According to a recent California lawsuit, Tinder charging $5 to $10 more dollars from users who are above 30 years old is a discrimination against age that breaks the state’s civil laws.
This lawsuit was filed on behalf of a large group of Tinder Plus users who are above the age of 30. Reportedly, Tinder’s premium level, which permits users to “unswipe” regrettably approved profiles, charges subscribers who are 30 and above $19.99, but a mere $9.99 or $14.99 per month for those under the age of 30.
This age-based fee, says plaintiffs, violates the state’s Unfair Competition law and Unruh Civil Rights Act. Apparently, controversy surrounding the fee isn’t new – when Tinder Plus was first launched by the company a few years ago, the difference in charges brought criticism.
At the time Tinder’s VP of corporate communications, Rosette Pambakian, told ABC that the fee is because younger users are more financially constrained and therefore need a lesser price as an incentive to subscribe.
A writer for WIRED, Dani Burleson, said in 2015 that although she enjoyed the use of Tinder, forcing users who are above the age of 30 to pay double than younger users to reverse a swipe is a lot to ask when the app doesn’t show full profiles or give ratings for compatibility. She added that she believed Tinder’s pricing logic relied on slightly older people like her having higher incomes and therefore more freedom in spending.
During the same year, social media consultant and adjunct professor, Jeff Gibbard, wrote his own tidbit for WIRED, but this one was to argue that Tinder wasn’t discriminating against age. In the piece, Gibbard said that while he didn’t consider it a good policy, the company was merely acting like any other free-market entity, using differentiations to make money.
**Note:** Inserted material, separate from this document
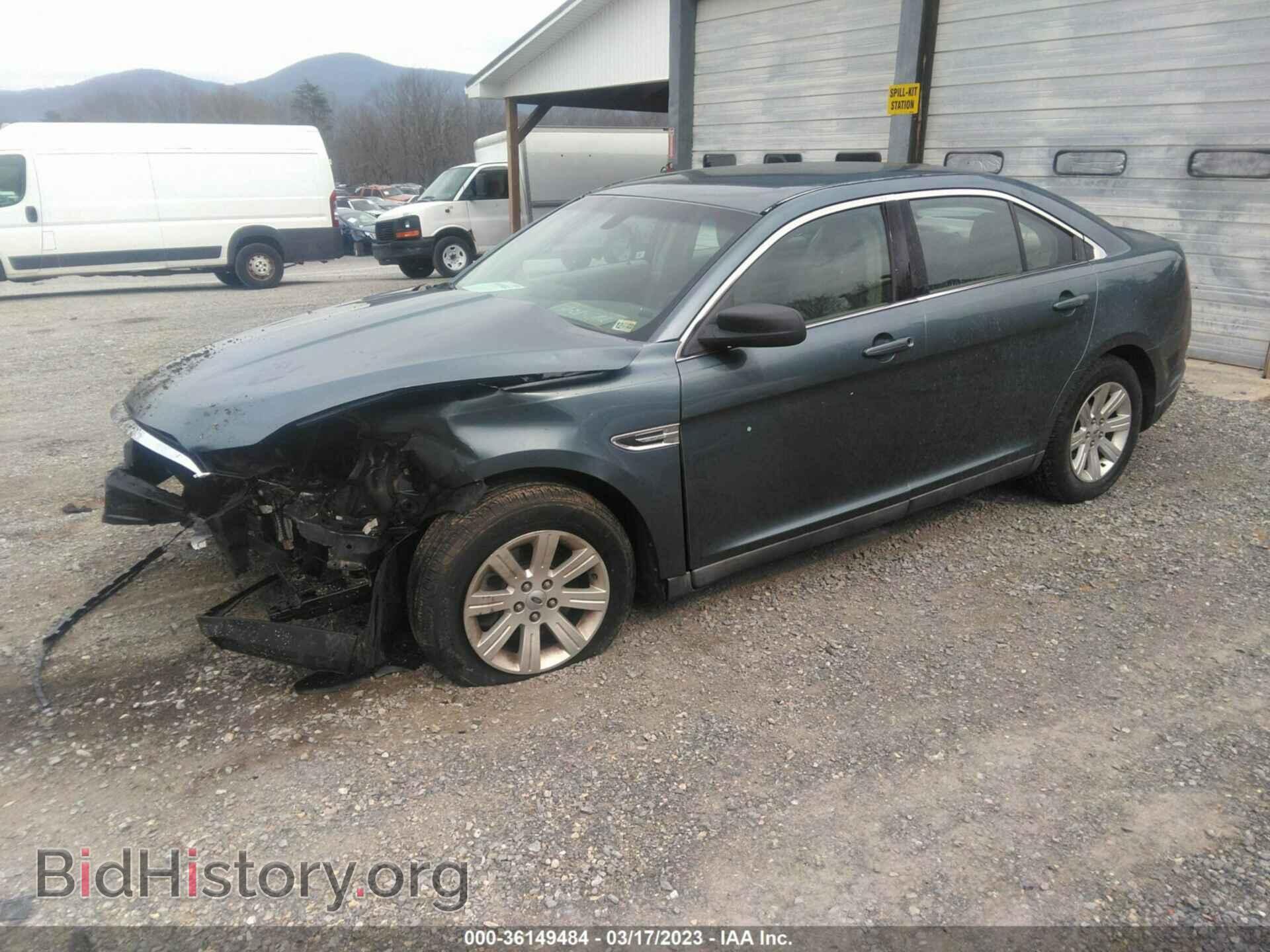 2010 FORD TAURUS - VIN: 1FAHP2DW4AG151107 - Фото 2
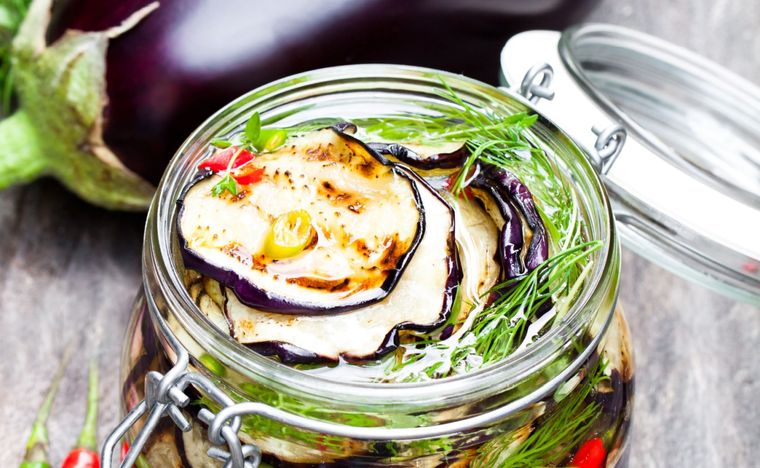 Berenjenas en escabeche Una receta deliciosa para hacer en simples pasos. Foto: Shutterstock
A lawsuit had been previously filed against Tinder for the matter of discrimination, but at the time the case was grounded while being left with an open end. The ruling given then had agreed with the reasoning done by VP of corporate communications Rosette Pambakian, saying that the difference in charges seemed to make sense with the market testing.
In the current case, however, attorneys are trying to prove that although this may seem accurate, users who are age 30 and above aren’t always in a higher income bracket and therefore may find the extra fee prohibitive.